But that doesn't help your tiredness. What are your sleeping arrangments? can you have a bottle warmer next to the bed and baby close enough so you just have to reach over and grab him, and grab the bottle? I find that the physical act of getting out of bed in the night makes it harder to fall back asleep and makes me tired-er in the morning.


----------



## kalamos23 (Apr 11, 2008)

I had a dairy allergic baby too - she was late to start solids (didn't start eating more than a taste until 11mo - even now she barely eats) and I wonder if the allergy had anything to do with her willingness to try foods. Anyway - every 3 hours is great for 7mo! DD was still up every hour during the night at that point, we did get a 2 hour stretch if we were lucky for the first stretch, but after that it was every hour.

Also, if you guys end up having any more kids, you can take all dairy out of your diet and still breastfeed if you choose - the likelihood of another child of yours having a milk protein sensitivity is higher than normal because more than likely it is due to your own gut not processing the dairy fully before it gets passed to the baby. I ended up off of dairy for around 8 months, and we trialed DD on dairy at her 1st birthday. Unfortunately many doctors don't know this and just tell you to put the baby on hypoallergenic formula. I just wanted to let you know this just in case you really did want to breastfeed at one point with another child.

I doubt that pushing solids during the day will help him sleep longer - he's probably learning crawling and there is just SO much they are learning and trying to do all at once, that it is hard to unwind for them at night and sleep. We've caught DD practicing new skills at night - doesn't make it any easier for you unfortunately, but it does pass!! I promise! Do you cosleep? Sometimes I found that DD would sleep longer if she wasn't right next to me, and other nights she slept better curled right up next to me - ymmv.

When all fails, just remember, they will only be this young once, and try to enjoy it while you can ;-) It will pass!


----------



## irishmaji (Jan 27, 2009)

Thanks everyone, it helps to know I'm not alone, it's tough when those with little ones around me have babies that have been sleeping through the night since they were 3-4 months old.

He spents the first half of the night in his own crib and usually the 2nd half of the night we all cosleep, it has allowed me to get a little extra sleep this way as it takes him time to fall back asleep and I can't just put him down after he eats.

Kalamos23 - I did take dairy out of my diet while I was trying to breastfeed, that was my doctor's first recommendation vs formula, but my son was not a good latcher and would get very lazy about sucking, I was also very stressed out because he was so colicky at the time (turns out the colic was due to the protein sensitivity) but I think the stress just started drying my milk up and he wasn't getting enough he wanted to constantly nurse and then would just stop sucking (I'm guessing cause he wasn't getting much).
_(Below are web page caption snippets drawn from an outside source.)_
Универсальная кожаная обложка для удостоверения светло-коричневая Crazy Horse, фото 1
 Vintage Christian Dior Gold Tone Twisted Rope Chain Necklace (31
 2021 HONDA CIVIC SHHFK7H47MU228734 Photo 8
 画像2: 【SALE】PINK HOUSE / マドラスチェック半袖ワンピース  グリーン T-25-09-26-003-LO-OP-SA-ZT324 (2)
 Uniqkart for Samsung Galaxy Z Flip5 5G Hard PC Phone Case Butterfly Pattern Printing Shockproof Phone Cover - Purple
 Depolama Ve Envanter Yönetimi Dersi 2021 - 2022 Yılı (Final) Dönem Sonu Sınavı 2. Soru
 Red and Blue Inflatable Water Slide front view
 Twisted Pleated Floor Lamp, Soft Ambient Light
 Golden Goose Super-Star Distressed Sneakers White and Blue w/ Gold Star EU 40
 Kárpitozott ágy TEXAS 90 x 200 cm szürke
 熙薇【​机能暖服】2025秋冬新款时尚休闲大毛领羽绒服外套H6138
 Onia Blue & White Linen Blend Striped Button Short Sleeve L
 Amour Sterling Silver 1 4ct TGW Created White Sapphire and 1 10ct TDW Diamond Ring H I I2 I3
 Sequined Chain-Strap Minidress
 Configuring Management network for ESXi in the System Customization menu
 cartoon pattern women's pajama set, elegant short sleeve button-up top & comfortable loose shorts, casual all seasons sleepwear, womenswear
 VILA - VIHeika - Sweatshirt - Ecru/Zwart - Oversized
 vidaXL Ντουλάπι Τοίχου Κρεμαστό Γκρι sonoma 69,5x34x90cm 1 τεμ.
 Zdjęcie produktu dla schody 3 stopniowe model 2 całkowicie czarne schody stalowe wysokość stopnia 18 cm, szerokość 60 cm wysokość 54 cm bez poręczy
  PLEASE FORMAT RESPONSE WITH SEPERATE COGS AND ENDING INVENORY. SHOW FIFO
It was very difficult and when I started the formula he was instantly a different baby and for my own sanity I stopped trying to breastfeed, I definitely think I would do things differently if I have another, I do regret not pushing myself to try and make it work, but it was very difficult and I was exhausted.

Lady Catherine - I have not tried letting him self feed with finger foods, although I have just started reading up on baby led weaning cause I do wonder if that might be a better route for him, but I have to admit it makes me a little nervous.


----------



## kalamos23 (Apr 11, 2008)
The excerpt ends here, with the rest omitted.